We met with this season's six crew leaders this afternoon. Jen arrives early to get paperwork set out and greet everyone while Ted, Kiya, and I scramble to finish off a few projects before the meeting. They trickle in early, all in good spirits, so ready to jump back in to the farm.
Kiya and David have been here since April as extended season crew leaders, meaning they get to work alongside the interns and participate in all the spring preparations that most of the crew never sees. You met Kiya here, and will surely see her more throughout the season. It's David's twenty-first birthday today, and he leaves as soon as he could to go to Portland for a show with his mom. He's the oldest person we've probably ever had on the crew, since these new extended positions don't have age restrictions. He's a very centered, mild-mannered, positive person, and he tends to dance with his hands as he talks. He's tall, with long straight brown hair that he pulls back into a ponytail or braids, and rides his bike to the farm.

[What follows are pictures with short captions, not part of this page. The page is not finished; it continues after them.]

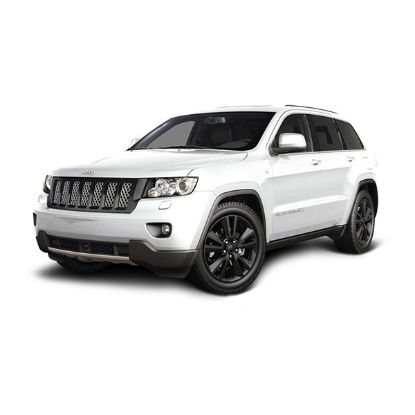 Picture of Jeep Grand Cherokee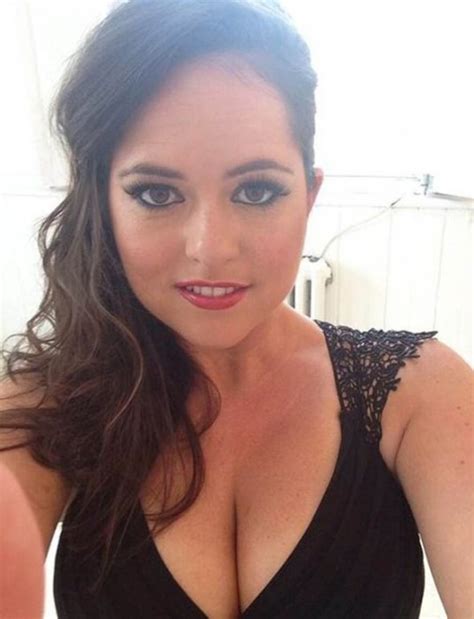 Karen Danczuk vend ses selfies personnalisés sur Ebay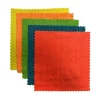 Pack de 5 microfibres 36x38cm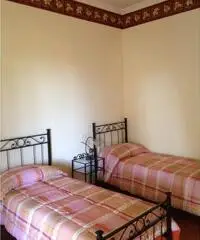 Casa famiglia per anziani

Joaquin approaches me before the meeting as I'm pulling drip tape into the overflow greenhouse with UO interns Mo and Huiyang. "Do you need any help?" he asks with a smile. I smile back, not at all surprised by his willingness to jump in, relieved by the thought of him back on the farm to help keep everyone's energy high, struck by how much he's grown and matured in these past three years. He's now seventeen, a junior in high school, but he started volunteering alongside the youth crew back when he was only fourteen. His determination and work ethic got him easily on the crew two years ago, and he's back for his second year as a crew leader this year. As a leader, his style evolved a lot last season as he realized that being the "bad cop" wasn't always as effective as he hoped. He's learning. I think it's an incredibly healthy process for him to go through at this age, to learn how to lead all types of people in an inclusive way.
Edith and Madison are sitting around the picnic tables, bright and smiling with some nervousness. It's their first year as crew leaders. Edith is only sixteen, bleached short hair tied with a black silk headband, small-bodied but strong, soft spoken and very quick to learn. Madison is a year older, athletic, outgoing, strong-willed, and with a huge smile. When we talk about roles for tomorrow, they're both relieved when we suggest they take a back seat until they get back in a groove. Being thrown into leading for the first time is intimidating, and I laugh inside to realize how much of the same issues I've faced in my position here.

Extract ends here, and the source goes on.